Culture et citoyenneté québécoise: un spectacle à saveur électoraliste
TVA Nouvelles
Dimanche après-midi, le ministre Roberge a annoncé les grandes orientations du nouveau programme qui remplacera Éthique et culture religieuse (ECR) et qui s’appellera dorénavant Culture et citoyenneté québécoise (CCQ).
Avant d’émettre nos souhaits pour la suite, qui demeure encore inconnue, nous ne pouvons passer sous silence le côté spectacle de l’exercice. Pourquoi a-t-on invité des personnalités publiques et en quoi est-ce pertinent? Nous comprenons parfaitement qu’elles venaient défendre de justes et nobles causes, causes que nous soutenons aussi, bien évidemment. Mais cela servait-il le domaine de l’éducation, ou plutôt les visées électoralistes de la CAQ? Où étaient les spécialistes de l’éducation et les experts responsables du contenu du nouveau programme? Nous aurions aimé voir et entendre les personnes qui rédigent le contenu de CCQ pour connaître, justement, leur expertise.
Nous nous devons également de souligner un certain mépris affiché à l'égard du programme actuel qui s’est incarné notamment par des faussetés lors de cette conférence de presse: non, tout n’a jamais été acceptable en classe au nom de quelconque dogme religieux - cela est d’ailleurs clairement mentionné dans le programme. Non, ECR ne limitait pas l’identité des élèves à leur seule appartenance religieuse! Non, ce n’était pas un programme qui avait des tabous! Non, ECR ne véhiculait pas de préjugés et des stéréotypes! Il était très insultant d’entendre le ministre lui-même dire de telles aberrations.
De plus, nous avons été profondément choqués et choquées de la présentation biaisée du programme actuel de la part du ministre de l’Éducation. En effet, l’entièreté des objectifs de l’axe éthique, dialogue et pensée critique est presque un copié-collé de la compétence éthique existante en ECR! Aussi, sur quelles études probantes, sur quelles analyses rigoureuses reposent l’ensemble de ces affirmations erronées ? Pourquoi ne pas rappeler qu’il est déjà demandé dans le programme d’ECR de promouvoir les valeurs de la société québécoise et de développer un esprit de discernement par rapport au phénomène religieux ?

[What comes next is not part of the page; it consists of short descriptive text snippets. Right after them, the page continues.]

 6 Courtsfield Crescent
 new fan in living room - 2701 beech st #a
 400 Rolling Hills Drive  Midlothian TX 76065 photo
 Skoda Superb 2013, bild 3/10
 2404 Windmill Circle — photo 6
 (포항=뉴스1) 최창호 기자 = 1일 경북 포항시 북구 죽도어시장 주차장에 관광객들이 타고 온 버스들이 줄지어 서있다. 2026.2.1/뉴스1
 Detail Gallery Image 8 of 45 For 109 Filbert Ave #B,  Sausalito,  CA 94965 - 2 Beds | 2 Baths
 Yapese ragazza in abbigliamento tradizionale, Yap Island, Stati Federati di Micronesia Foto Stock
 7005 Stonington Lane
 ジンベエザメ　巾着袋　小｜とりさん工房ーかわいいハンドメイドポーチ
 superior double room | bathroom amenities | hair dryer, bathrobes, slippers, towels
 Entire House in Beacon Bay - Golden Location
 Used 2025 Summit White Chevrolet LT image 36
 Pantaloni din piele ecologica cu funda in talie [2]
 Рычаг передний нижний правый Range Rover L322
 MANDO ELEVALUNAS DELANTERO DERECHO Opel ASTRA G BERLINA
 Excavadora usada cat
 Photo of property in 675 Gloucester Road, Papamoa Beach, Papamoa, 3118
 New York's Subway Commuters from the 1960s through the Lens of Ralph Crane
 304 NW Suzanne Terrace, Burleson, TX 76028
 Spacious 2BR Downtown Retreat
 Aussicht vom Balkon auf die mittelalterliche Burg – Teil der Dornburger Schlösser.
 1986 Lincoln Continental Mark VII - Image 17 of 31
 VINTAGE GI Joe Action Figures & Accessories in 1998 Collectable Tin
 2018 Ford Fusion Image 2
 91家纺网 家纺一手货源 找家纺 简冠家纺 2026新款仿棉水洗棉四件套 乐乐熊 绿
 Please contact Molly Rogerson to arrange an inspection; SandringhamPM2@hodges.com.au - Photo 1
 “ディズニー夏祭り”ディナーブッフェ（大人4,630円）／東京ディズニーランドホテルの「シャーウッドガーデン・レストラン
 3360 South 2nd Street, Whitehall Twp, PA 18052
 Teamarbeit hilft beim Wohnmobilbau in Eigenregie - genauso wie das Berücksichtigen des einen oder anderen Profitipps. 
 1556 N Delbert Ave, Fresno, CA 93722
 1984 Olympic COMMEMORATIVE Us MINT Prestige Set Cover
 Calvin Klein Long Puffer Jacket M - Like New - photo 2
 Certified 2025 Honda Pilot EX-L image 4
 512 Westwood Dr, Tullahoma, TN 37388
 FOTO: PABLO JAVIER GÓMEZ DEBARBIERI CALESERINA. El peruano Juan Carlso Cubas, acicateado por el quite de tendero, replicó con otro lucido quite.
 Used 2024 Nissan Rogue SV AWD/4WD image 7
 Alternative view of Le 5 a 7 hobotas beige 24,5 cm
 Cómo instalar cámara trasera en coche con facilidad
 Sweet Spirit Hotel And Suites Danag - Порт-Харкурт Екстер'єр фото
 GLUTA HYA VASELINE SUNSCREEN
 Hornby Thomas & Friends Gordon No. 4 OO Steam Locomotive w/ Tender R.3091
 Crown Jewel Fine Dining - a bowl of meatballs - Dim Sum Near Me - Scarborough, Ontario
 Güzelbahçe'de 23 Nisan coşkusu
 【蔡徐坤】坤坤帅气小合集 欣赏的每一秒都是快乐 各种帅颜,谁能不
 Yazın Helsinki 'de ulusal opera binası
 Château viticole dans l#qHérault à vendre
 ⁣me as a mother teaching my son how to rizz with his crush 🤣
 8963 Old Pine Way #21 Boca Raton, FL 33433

Par ailleurs, la disparition de la compétence axée sur la culture religieuse n’est pas une surprise, mais elle reste désolante. En effet, les conséquences de l’inculture religieuse sont connues, et c’est pour cela que les instances internationales comme le Conseil de l’Europe et l’UNESCO recommandent l’éducation au fait religieux, notamment pour favoriser le vivre-ensemble, avoir des clés de compréhension du monde dans lequel nous vivons sans oublier son apport dans la lutte et la prévention contrer la radicalisation violente.
Enfin, il aurait été également apprécié que le ministre prenne le temps de rassurer les étudiantes et les étudiants qui se forment présentement en enseignement de l’ECR en les assurant de sa volonté d’établir une collaboration étroite avec les universités.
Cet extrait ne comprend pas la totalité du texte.